Nesse ponto, nos damos conta de que a
nossa leitura de Candide, que desejava ser totalmente externa,
“superficial”, conduziu-nos ao centro da “filosofia”, da
visão de mundo de Voltaire. Que não pode ser identificada somente
na polêmica com o otimismo providencialista de Pangloss: pensando
bem, o mentor que acompanha Cândido por mais tempo não é o infeliz
pedagogo leibniziano, mas o “maniqueísta” Martin, o qual é
levado a ver no mundo somente as vitórias do diabo; e se Martin
sustenta a parte do anti-Pangloss, certamente não se pode dizer que
ele seja o vencedor da partida.
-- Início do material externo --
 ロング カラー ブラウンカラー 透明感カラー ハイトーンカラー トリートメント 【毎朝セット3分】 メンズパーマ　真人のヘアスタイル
Inútil — diz Voltaire — é
procurar uma explicação metafísica do mal, como fazem o otimista
Pangloss e o pessimista Martin, pois este mal é subjetivo,
indefinível e não mensurável; o credo de Voltaire é
antifinalista, ou seja, se o seu Deus tem um fim, será um fim
imperscrutável; um desenho do universo não existe ou, caso exista,
cabe a Deus conhecê-lo e não ao homem; o “racionalismo” de
Voltaire é uma atitude ética e voluntarista que toma forma contra
um fundo teológico incomensurável para o homem como aquele de
Pascal.
Se esse carrossel de desastres pode ser
contemplado com um sorriso nos lábios é porque a vida humana é
rápida e limitada; existe sempre alguém que se pode considerar mais
infeliz que nós; e quem por acaso não tivesse nada de que se
lamentar, dispusesse de tudo o que a vida pode oferecer de bom,
terminaria como o senhor Pococurante, senador veneziano, que está
sempre olhando para os outros com soberba, encontrando defeitos onde
deveria achar apenas motivos de satisfação e de admiração. A
verdadeira personagem negativa do livro é ele, o aborrecido
Pococurante; no fundo, Pangloss e Martin, mesmo dando respostas
insensatas às perguntas, se debatem nos tormentos e riscos que
constituem a substância da vida.
A submissa veia de sabedoria que aflora
no livro por meio de porta-vozes marginais como o anabatista Jacques,
o velho inca, e aquele savant parisiense que se parece muito
com o autor, se declara por fim pela boca do dervixe na famosa moral
do “cultivar nosso jardim”. Moral certamente muito redutiva: que
deve ser entendida antes de mais nada em todo o seu significado
intelectual antimetafísico — você não deve colocar-se outros
problemas a não ser aqueles que pode resolver com sua aplicação
prática direta. E no seu significado social: primeira afirmação do
trabalho como substância de todo valor. Hoje, a exortação “il
faut cultiver notre jardin” soa a nossos ouvidos carregada de
conotações egoístas e burguesas: ainda mais dissonante se
confrontada com nossas preocupações e angústias. Não é casual
que ela seja enunciada na última página, já quase fora desse livro
em que o trabalho só aparece como danação e em que os jardins são
regularmente devastados: também é uma utopia, não menos que o
reino dos incas; a voz da “razão” no Candide é toda
utópica. Mas não é um acaso que seja a frase do Candide que
teve mais sucesso, a ponto de se tornar proverbial. Não devemos
esquecer a radical mudança epistemológica e ética que essa
enunciação encerrava (estamos em 1759, exatamente trinta anos antes
da tomada da Bastilha): o homem julgado não mais em sua relação
com um bem e um mal transcendentes mas naquele pouco ou tanto que
pode fazer. E daí derivam tanto uma moral do trabalho estritamente
“produtivista”, no sentido capitalista da palavra, quanto uma
moral do empenho prático-responsável-concreto, sem o qual não
existem problemas gerais que possam ser resolvidos. Em suma, as
verdadeiras opções do homem de hoje partem dali.